Award-winning Irish novelist Adrian McKinty paid tribute to Patterson saying: “He wrote 70+ novels selling 150m copies.
“He grew up on the Shankill Road, Belfast and didn’t have a real success until the publication of his 36th book The Eagle Has Landed.
“Classic case of never give up.”
Patterson was born on July 27, 1929 in Newcastle upon Tyne, England, to an English father and a Northern Irish mother.
When his father abandoned them soon afterwards, his mother returned with him to Belfast to live with her mother and her grandfather on the Shankill Road.
Raised amid religious and political violence, Patterson learned to read at the age of three.
At night, he would crouch beneath a window and read by the light of street lamps. He once said: “I read Oliver Twist when I was six. Not because it was a classic, but because it was a book that was available.
“I probably didn’t understand everything in it — for years I used to pronounce the word rogue as rogger — but I didn’t care. I just loved reading.”
When his mother remarried, the family relocated to Leeds, West Yorkshire, England, where Patterson won a scholarship to attend Roundhay Grammar School for Boys.
He proved to be an indifferent student and left school with few formal qualifications.
After a two-year stint of national service, he qualified as a teacher and began to write novels in his spare time.
The writer received a £75 advance for his first novel, Sad Wind From the Sea, in 1959.
Patterson’s early novels, using his own name as well as the pseudonyms James Graham, Martin Fallon, and Hugh Marlowe, are thrillers that typically feature hardened, cynical heroes, ruthless villains, and dangerous locales.
He published 35 such novels — sometimes three or four a year — between 1959 and 1974, learning his craft.
Patterson began using the pseudonym Jack Higgins during the late 1960s; his first minor bestsellers were published during the early 1970s, two contemporary thrillers The Savage Day and A Prayer for the Dying.
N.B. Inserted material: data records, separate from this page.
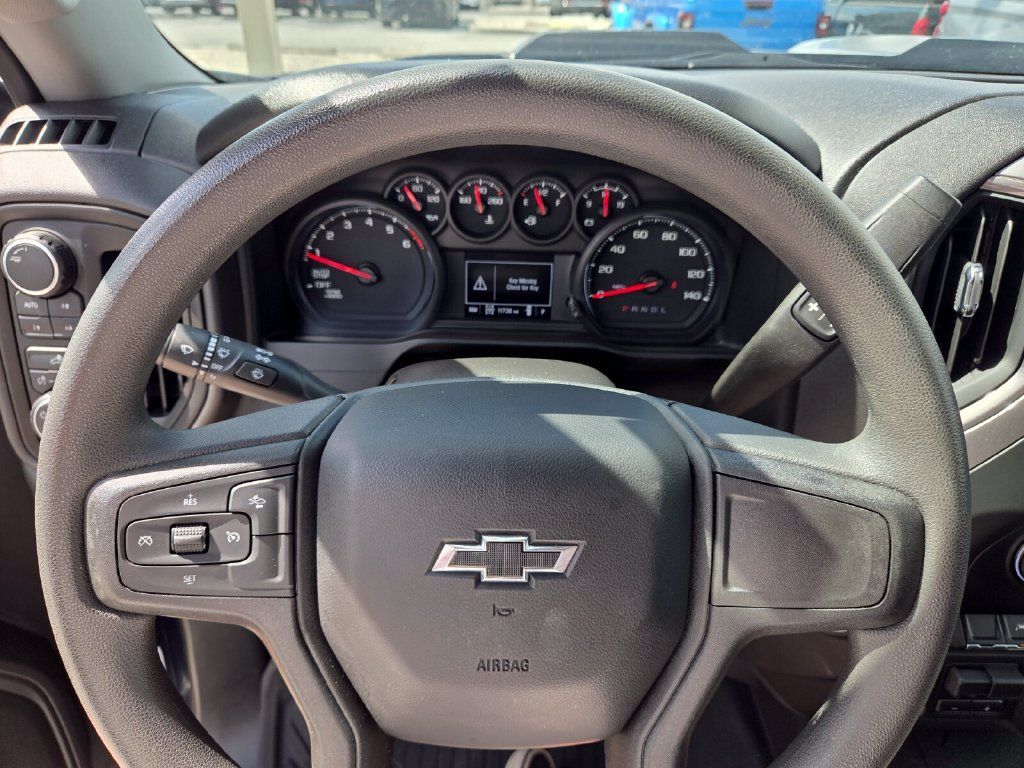 Used 2023 Chevrolet Silverado 1500 Custom Trail Boss w/ LPO, Dark Essentials Package AWD/4WD image 31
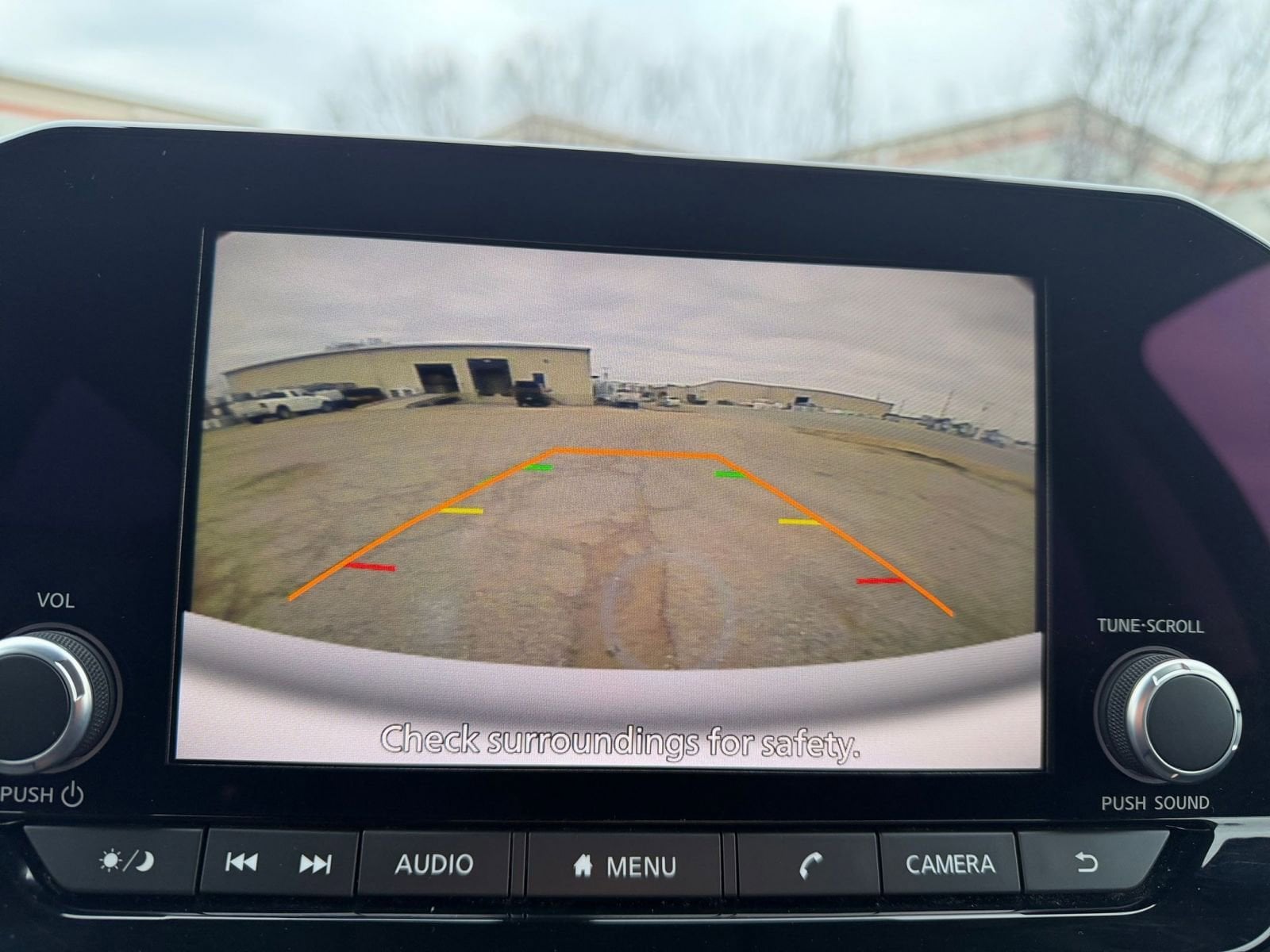 Thumbnail: 2025 Nissan Pathfinder - 17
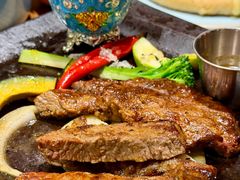 -米德维奇俄式西餐厅(西六道街店)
But it was the publication of his 36th book, The Eagle Has Landed, in 1975, that made Higgins’ reputation.
Its plot concerns a German commando unit sent into England to kidnap Winston Churchill.
It sold more than 50 million copies and was adapted into a British film of the same name which starred Sir Michael Caine, Donald Sutherland, Jenny Agutter and Robert Duvall.
Jonathan Lloyd, Patterson’s literary agent and president of the Curtis Brown literary agency, said he was at Collins Publishers when it received the manuscript of The Eagle Has Landed, and everyone there knew it would become a classic.
The third phase of Patterson’s career began with the publication of Eye of the Storm in 1992.
Patterson sold more than 250 million copies worldwide and his books were translated into 60 languages. He wrote 85 novels, predominantly thrillers and in the espionage genre.
His final book, The Midnight Bell, was published in 2017 and was a Sunday Times bestseller.
The novelist is survived by his four children from his first marriage — Sarah, Ruth, Sean and Hannah — and by his wife, Denise.